Anyone have any insight or ideas of what to check next or what might be causing this?


----------



## Shryp (Jan 1, 2011)

Sounds like the adjustment is not tight enough or some bearings are worn out. It could also be getting wet with snow or oil dripping in there.


----------



## Motor City (Jan 6, 2014)

Was their much black debris in the lower housing when you pulled the cover off? You may need a new drive belt, it could be slipping.


----------



## robdenuto (Feb 1, 2015)

Shryp said:


> Sounds like the adjustment is not tight enough or some bearings are worn out. It could also be getting wet with snow or oil dripping in there.


I was going to make the adjustment tighter, but feared that this would put too much travel/tension on the springs. I thought the same thing about oil, but the wheel didn't seem to be oily.


----------



## robdenuto (Feb 1, 2015)

Motor City said:


> Was their much black debris in the lower housing when you pulled the cover off? You may need a new drive belt, it could be slipping.
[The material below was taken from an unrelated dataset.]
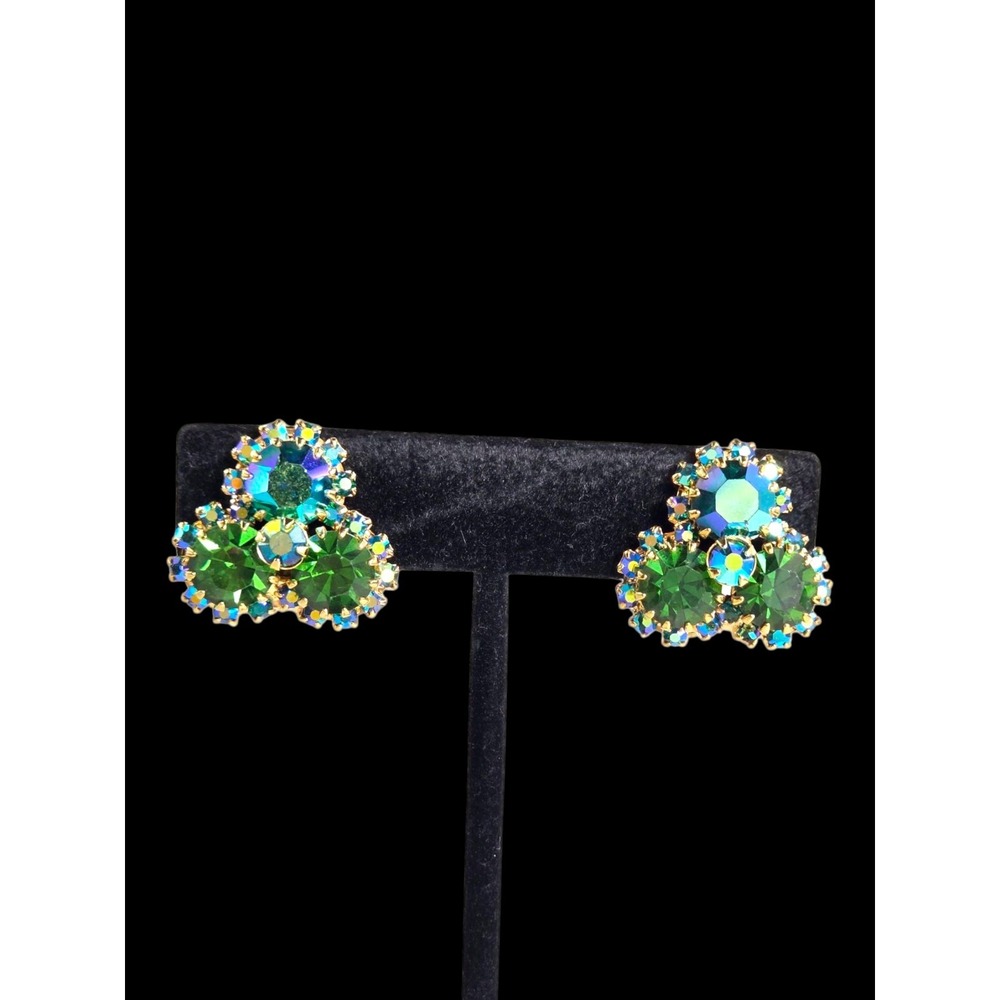Vintage Kramer Emerald Green Blue AB Rinestone Gold Tone Cluster‎ Clip Earrings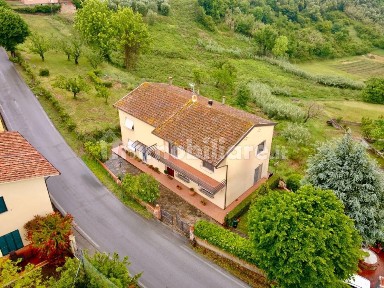 Terratetto unifamiliare 300 m², buono stato, Casciana Terme, Casciana Terme Lari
The cover did had a black residue/buildup on it that seemed to be more fibrous than greasy. 

Is there a way to confirm that the belt may be slipping or should I just replace it?


----------



## Shryp (Jan 1, 2011)

Just drive it around with the belt cover off. Tip it up in the air with the bottom cover off and check all the parts of the drive system for a large amount of movement in them as that would indicate worn bearings which might be part of your issue.


----------



## robdenuto (Feb 1, 2015)

Shryp said:


> Just drive it around with the belt cover off. Tip it up in the air with the bottom cover off and check all the parts of the drive system for a large amount of movement in them as that would indicate worn bearings which might be part of your issue.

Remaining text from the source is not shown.